Setting: Tuberculosis units (Beatrixoord, Haren; and Dekkerswald, Groesbeek) in the Netherlands.
Objective: To study the long-term treatment outcome of patients with multidrug-resistant tuberculosis (MDR-TB).
Design: Descriptive analysis of all consecutively admitted patients with MDR-TB between 1 January 1985 and 1 September 1998, with follow-up until 1 August 1999.

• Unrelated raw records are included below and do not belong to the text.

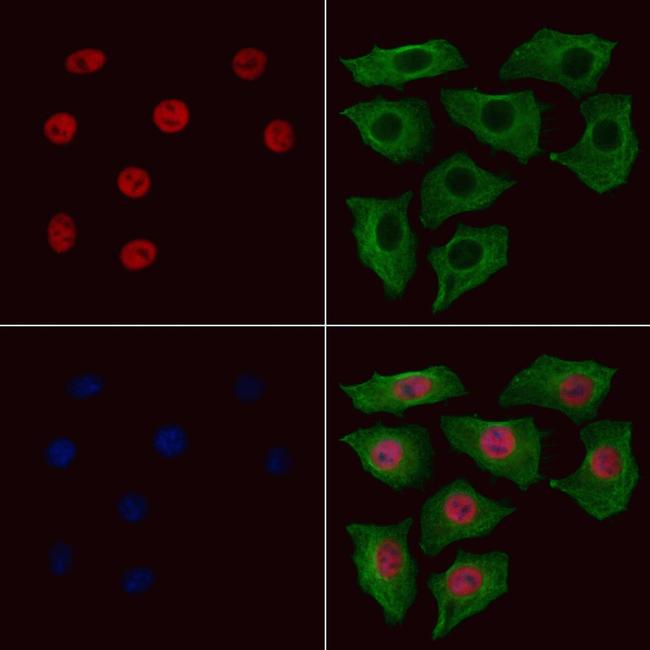 Phospho-STAT5 beta (Ser731) Antibody in Immunocytochemistry (ICC/IF)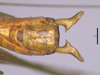 Male, subgenital plate. Depicts CollectionObject 2062466; 1ac04c84-f909-4b75-abaf-a60dd80b9dde, a CollectionObject.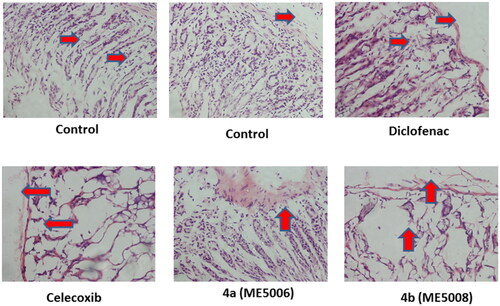 Figure 4. Ulcerogenic effects of the tested pyridazine sulphonates (7a and 7b), diclofenac and celecoxib on the gastric tissue of rats. Histopathological examination was performed using H & E stain and the magnification power of the images was 40X. The red arrows indicated the normal or damaged parts.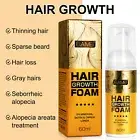 5% Minoxidil Hair Regrowth Foam Treatment for Men Hair Growing Anti Hair Loss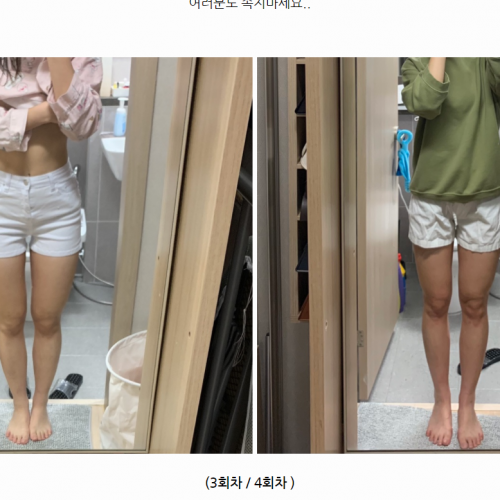#제로팻#허벅지#인천점
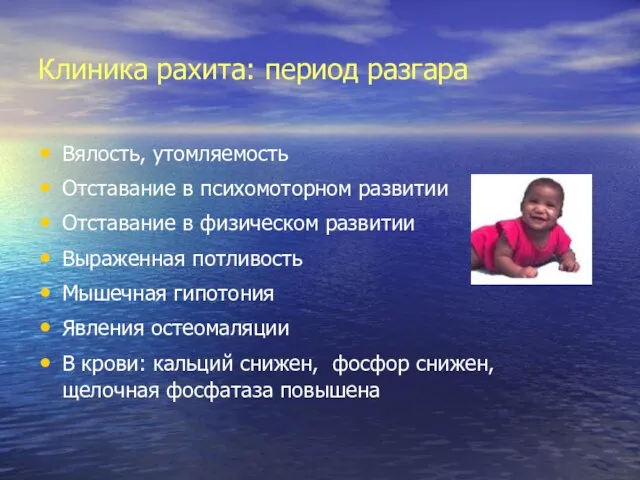 Клиника рахита: период разгара Вялость, утомляемость Отставание в психомоторном развитии Отставание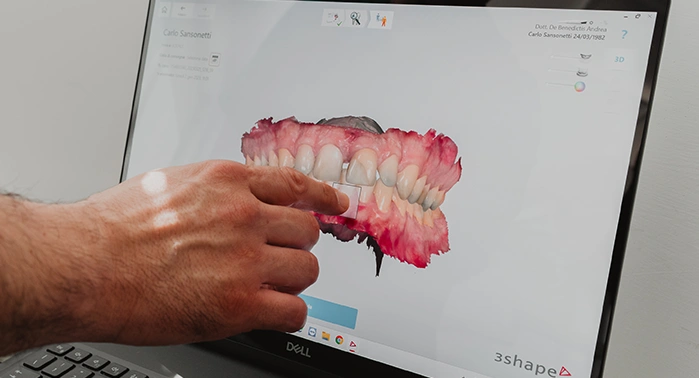 Impronte dentali digitali ad Ascoli Piceno | Scanner 3D – Studio Dott. De Benedictis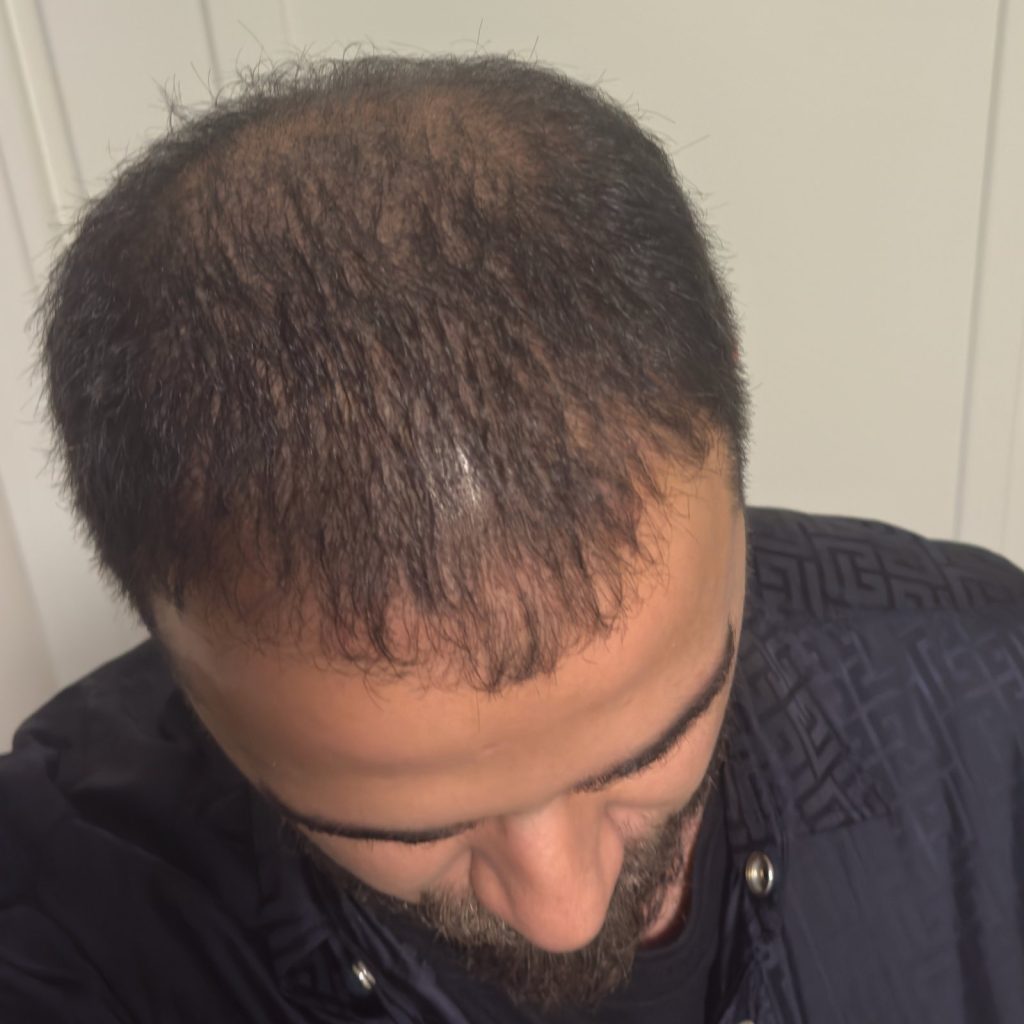 Hair transplant result, 4,500 grafts, Before & After — Hair of Istanbul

Results: Of 44 patients (31 male) enrolled in the study, 33 were foreign born and none were human immunodeficiency virus positive. At diagnosis 38 patients had sputum-smear positive pulmonary TB, and converted culture negative after a mean of 6 weeks, while six converted to negative later (mean 69 weeks). Most patients had micro-organisms resistant to several antimycobacterial drugs (mean = median: 5), including resistance to isoniazid and rifampin. In-patient treatment lasted a mean of 164 days (range 31-481), and patients were treated with six drugs on average. Side effects were common. Treatment lasted for a mean of 608 days (range 268-1626); five patients are still on treatment. Four patients were operated for TB, and two others were operated for post-TB sequelae. During the follow-up period six patients died, of whom three had active TB; 33 (75%) were considered cured.
Conclusion: Mortality was only 14% after a mean follow-up period of 53 months. MDR-TB can be successfully treated, but requires much effort from both patients and carers, and the costs may be higher than is affordable in resource-poor countries.